James Z. Wang
Computer Science and Biomedical Informatics
Stanford University, Stanford, CA 94305
In this demonstration, we present SIMPLIcity, an image retrieval system for picture libraries and biomedical image databases. The system uses a wavelet-based approach for feature extraction, real-time region segmentation, the Integrated Region Matching (IRM) metric, and image classification methods. Tested on large-scale picture libraries and a database of pathology images, the system has demonstrated accurate and fast retrieval. It is also exceptionally robust to image alterations.
The need for efficient content-based image database retrieval has increased tremendously in many application areas such as biomedicine, military, commercial, education, and Web image classification and searching. In the biomedical domain, content-based image retrieval can be used in patient digital libraries, clinical diagnosis, searching of 2-D electrophoresis gels, and pathology slides. In this demonstration, we present a wavelet-based approach for feature extraction, combined with the Integrated Region Matching (IRM) metric  and image classification methods.
An image in a general-purpose picture library, or a portion of an image in a biomedical image database, is represented by a set of regions, roughly corresponding to objects, which are characterized by color, wavelet-based features, shape, and location. A measure for the overall similarity between images is developed by a region-matching scheme that integrates properties of all the regions in the images. The advantage of using such a ``soft matching'' is that it makes the metric robust to poor segmentation, an important property that previous work has not solved. High-level image classification methods [3,6] have been developed and used to categorize images so that semantically-adaptive searching methods can be applied to each category. Figure 1 shows the architecture of the feature indexing process.
Figure 1: The architecture of feature indexing process. The heavy lines show a sample indexing path of an image.
In this demonstration, we show an experimental image retrieval system, SIMPLIcity (Semantics-sensitive Integrated Matching for Picture LIbraries), built to validate these methods on various image databases, including a database of about 200,000 general-purpose images and a database of more than 70,000 pathology image fragments. We demonstrate that our methods perform much better and much faster than existing methods such as the EMD-based color histogram matching  and the WBIIS system based on the Daubechies' wavelets . The system has a friendly user interface which is capable of processing a query based on an outside image or a hand-drawn sketch in real-time.
Region-based retrieval systems typically have complicated user interfaces . The IRM metric enables us to design simple but capable query interfaces for region-based systems. The current implementation of the SIMPLIcity system provides several query interfaces: a CGI-based Web access interface, a JAVA-based drawing interface, a CGI-based Web interface for submitting a query image of any format anywhere on the Internet.
This interface is written in CGI and is designed for accessing images in the database with a query image from the database. The user may select a random set of images from the database to start with and click on an image in the window to form a query. Or, the user may enter the ID of an image as the query.
If the user moves the mouse on top of a thumbnail shown in the window, the thumbnail will be automatically changed to its region segmentation and each region is painted with its representing color. This feature is important for partial region matching. For example, the user may choose a subset of the regions of an image to form a query, rather than using all the regions in the query image.
Figure 2: The JAVA drawing query interface allows users to draw sketch queries.

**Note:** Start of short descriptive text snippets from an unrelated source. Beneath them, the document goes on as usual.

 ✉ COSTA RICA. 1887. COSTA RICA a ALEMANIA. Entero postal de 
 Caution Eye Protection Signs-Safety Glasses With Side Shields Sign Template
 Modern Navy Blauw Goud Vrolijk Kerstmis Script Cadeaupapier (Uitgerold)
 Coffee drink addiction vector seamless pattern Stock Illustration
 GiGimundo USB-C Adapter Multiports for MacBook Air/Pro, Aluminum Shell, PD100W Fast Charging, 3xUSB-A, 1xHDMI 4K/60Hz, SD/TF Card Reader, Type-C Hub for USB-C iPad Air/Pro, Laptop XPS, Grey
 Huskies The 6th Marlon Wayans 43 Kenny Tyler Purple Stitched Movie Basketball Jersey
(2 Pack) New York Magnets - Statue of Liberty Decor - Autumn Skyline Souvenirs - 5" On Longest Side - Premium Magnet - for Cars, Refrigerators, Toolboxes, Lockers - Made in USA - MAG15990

We have developed a JAVA-based drawing interface (Figure 2) for users to make free hand sketch queries. We allow users to draw sketches, straight lines, polygons, rectangles, and eclipses. A 24-bit color palette is provided on the interface for users to choose a representing color for each region or line drawn. We are exploring ways to specify desired textures.

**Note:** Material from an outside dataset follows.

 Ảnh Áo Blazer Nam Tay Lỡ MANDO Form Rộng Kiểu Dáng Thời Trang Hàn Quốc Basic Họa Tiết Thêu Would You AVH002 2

Figure 3: The outside query interface. The best 17 matched images are presented for a query image selected by the user from the Stanford front Web page. The user enters the URL of the query image (shown in the upper-left corner) to establish a query. Database size: 200,000 images.

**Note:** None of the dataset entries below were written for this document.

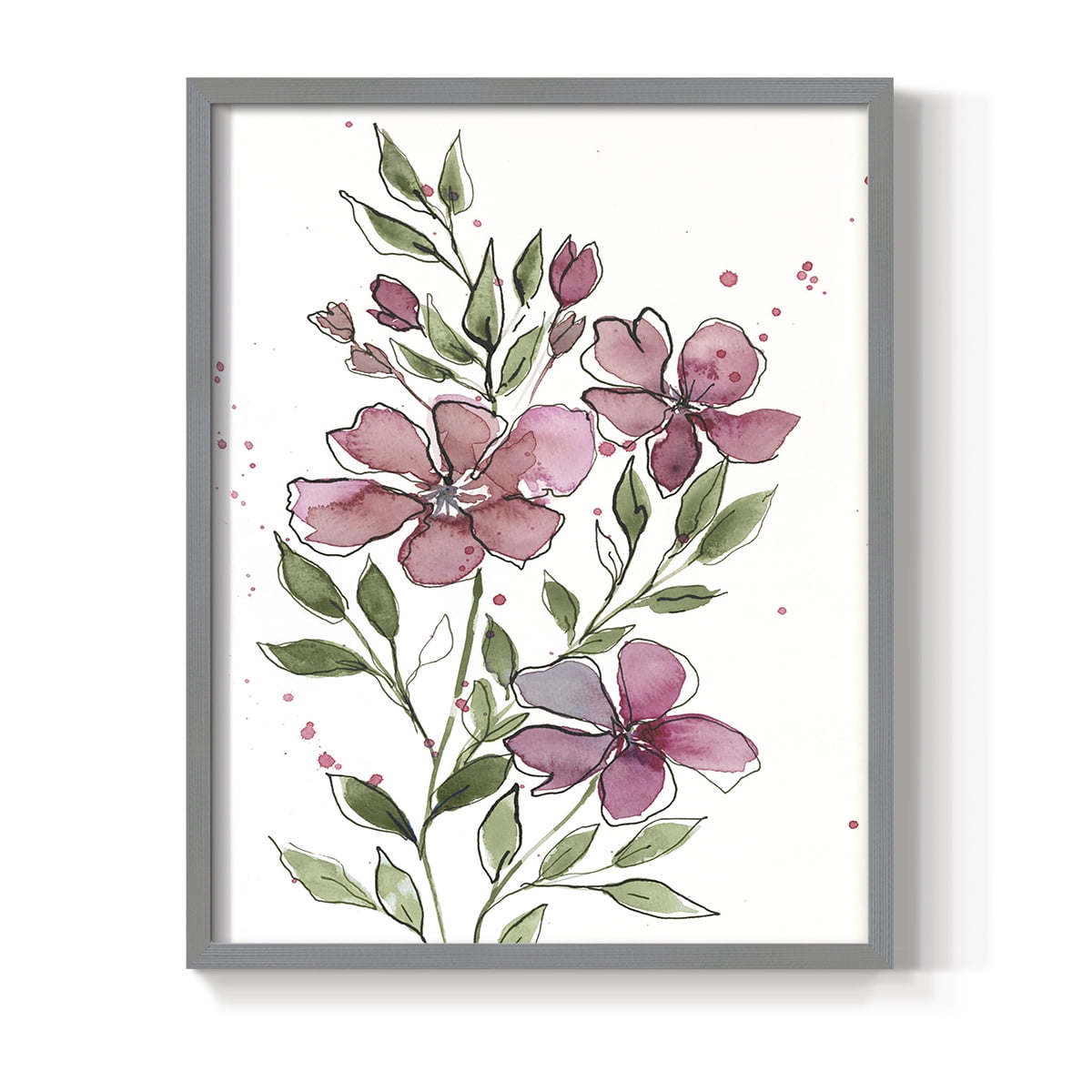 Watercolor Floral Stems I Framed Print in Gray Solid Wood 8 x 10 Framed Print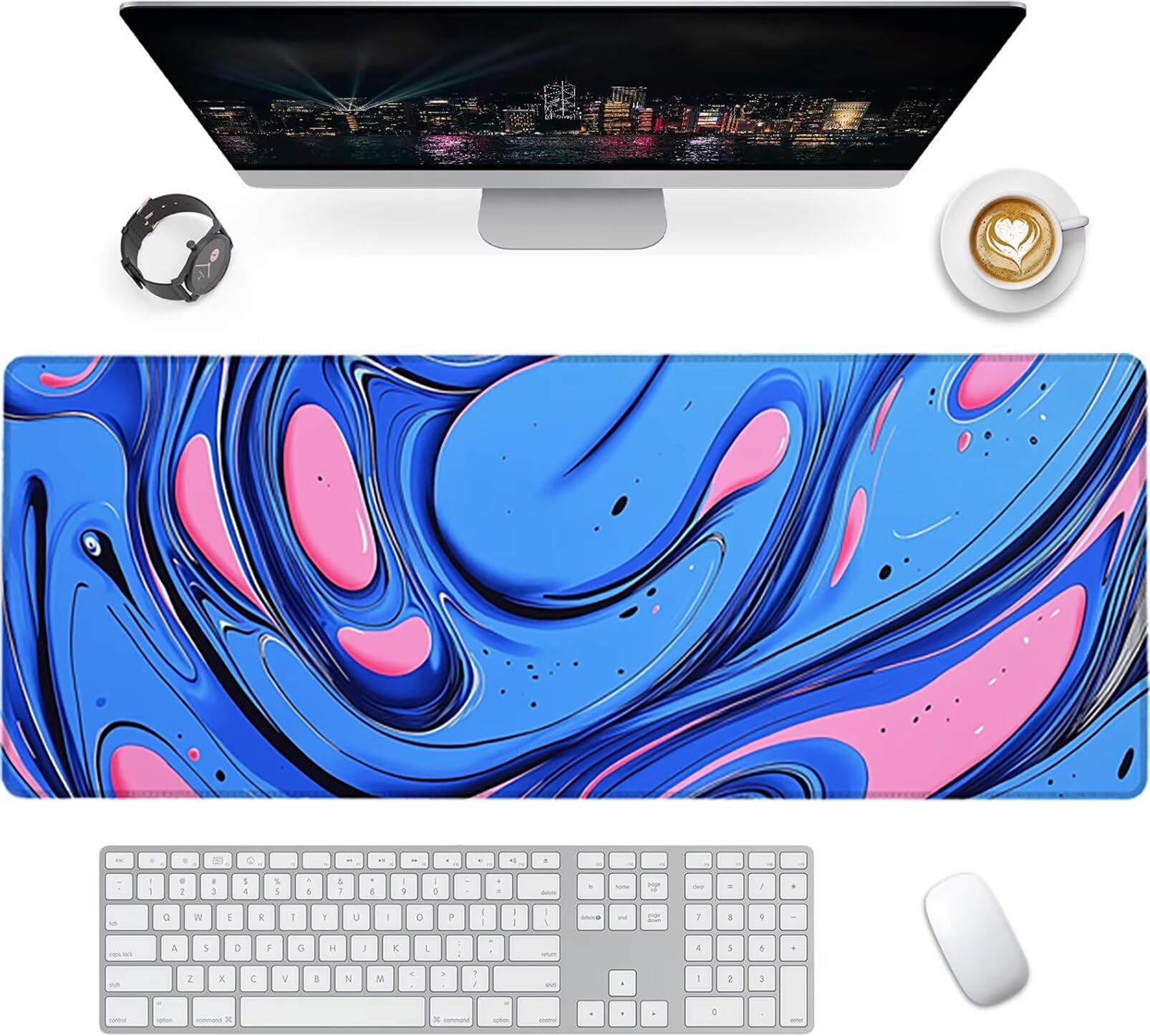 Lpfieonn Blau Großes Schreibtischunterlage, XXL Schreibtischunterlagen, Rosa XXL Wasserdicht Gaming Mousepad mit Vernähter Rand und Rutschfeste Gummibasis, für Laptop/Hause/Büro 120x60cm PF-1989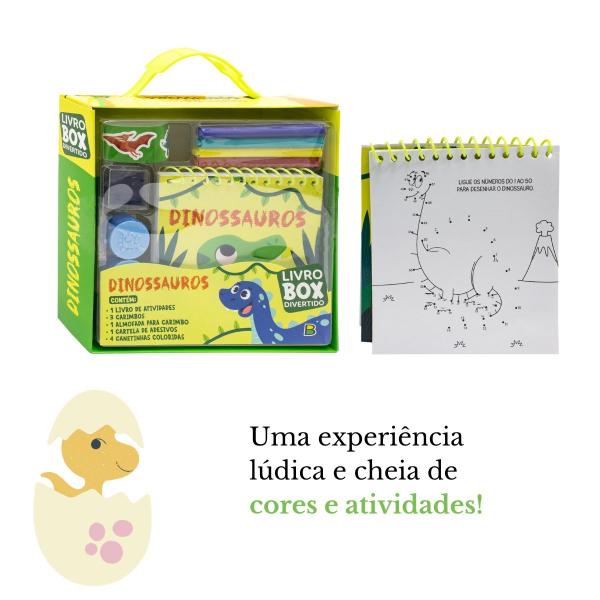 Imagem de Kit C/ 03 Livro-Box - DINOSSAUROS - Desenhos e Atividades C/ Canetas E Acess. Lembrancinha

We allow the user to submit any images on the Internet as a query image to the system by entering the URL of an image (Figure 3). Our system is capable of handling any image format from anywhere on the Internet and reachable by our server via the HTTP protocol. The image is downloaded and processed by our system on-the-fly. The high efficiency of our image segmentation and matching algorithms made this feature possible.
This work was supported in part by the National Science Foundation Grant No. IIS-9817511. It is a joint work with Jia Li and Gio Wiederhold. The author would like to thank the generous help of Desmond Chan, Oscar Firschein, Donald Regula, and Xin Wang.